Opioid maintenance treatment uses long acting opiates to reduce an opioid dependent person’s urge to take illicit opioid substances. Opioid dependent persons are likely to experience elevated levels of anxiety and sleep disturbance. Therefore, patients undergoing opioid maintenance treatment often use medications containing benzodiazepines, both prescribed by a doctor and from the illegal market, to alleviate these problems. Concurrent use of benzodiazepines during opioid maintenance treatment raise a concern.
This systematic review aimed to summarise the effects of concurrent prescription of benzodiazepines among people who receive opioid maintenance treatment.
After a systematic literature search we did not find any studies that could answer this question.
Experimental studies with controlled use of benzodiazepines are needed to elucidate the effects and consequences of taking benzodiazepines during opioid maintenance treatment.
In Opioid Maintenance Treatment patients receive long acting opioids as a substitute for heroin and other common illegally used opioids. People with opioid dependence are likely to experience elevated levels of anxiety and sleep disturbance. Therefore, benzodiazepines are often prescribed for these patients to alleviate such problems. Meanwhile, benzodiazepines are readily available on the illicit street market and are in high risk to be misused. Several studies find that concurrent prescription of benzodiazepines during opioid maintenance treatment is associated with more drug abuse and dependence. Prolonged use of benzodiazepines may result in anxiety and mental health problems, and increased risk of personal injury. However, the evidence is mostly descriptive and does not distinguish between prescribed versus illicitly procured benzodiazepines.
The purpose of this systematic review is to assess the effects of concurrent benzodiazepines prescription among people who receive opioid maintenance treatment (i.e. methadone, buprenorphine or buprenorphine combined with naloxone).

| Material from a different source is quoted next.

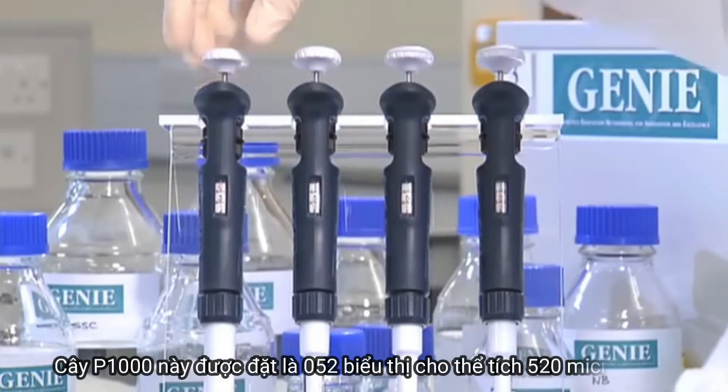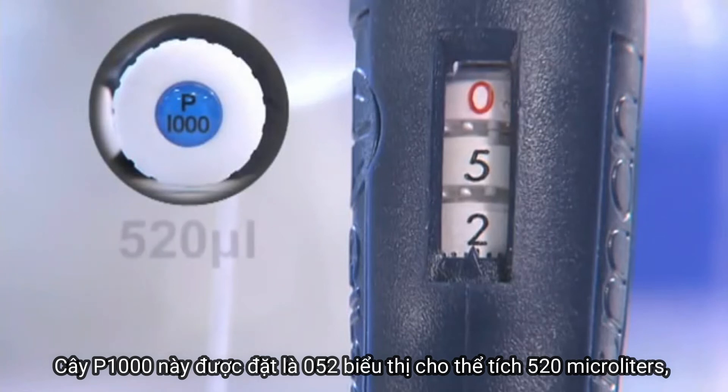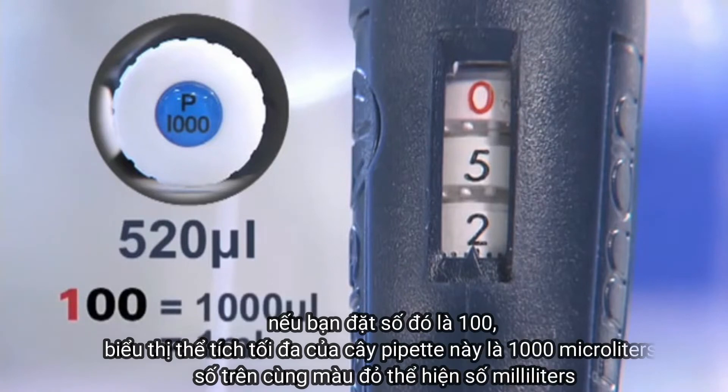This P1000 is set to zero, five, two, which indicates a volume of 520 microlitres. A setting of 100 indicates the maximum volume for this pipette, which is 1,000 microlitres. The uppermost number is in red, which for this pipette indicates the number of millilitres.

We first searched for systematic reviews that could answer our research question in the following databases: Epistemonikos, Cochrane Library (CDSR, DARE, HTA), MEDLINE (Ovid), PubMed [sb] and Embase (Ovid). Thereafter, we searched for primary studies to conduct a systematic review to summarize the available evidence.
Randomised and non-randomised controlled trials, controlled before-and-after studies and interrupted time series were included as relevant study designs. The target population was people 18 years or older who received substitution treatment with methadone, buprenorphine or buprenorphine combined with naloxone for opioid dependence. Relevant intervention was prescription of benzodiazepines as compared with no prescription of benzodiazepines. The outcomes of interest were retention in treatment, patients’ satisfaction, opioid use (self report or biological test), other substance use (self report or biological test), extent of anxiety and depression, sleep disorders, mortality, side effects (overdose, injury and use of hospital emergency) and criminal offences.
We carried out a systematic search for literature, with no limit of publication time or language, in Cochrane Central Register of Controlled Trials (CENTRAL), MEDLINE (Ovid), PubMed [sb], Embase (Ovid), CINAHL (EBSCO) and PsycINFO. Three authors evaluated the references based on the title and abstract, in pairs independently of each other (Kristoffer Yunpeng Ding evaluated all, Annhild Mosdøl and Laila Hov half each). Potentially relevant references were read in full-text (Kristoffer Yunpeng Ding evaluated all, Annhild Mosdøl and Laila Hov half each). We planned to assess the risk of bias, synthesise the data if possible and use the GRADE method (Grading of Recommendation Assessment, Development and Evaluation) to assess our confidence in the estimated effects.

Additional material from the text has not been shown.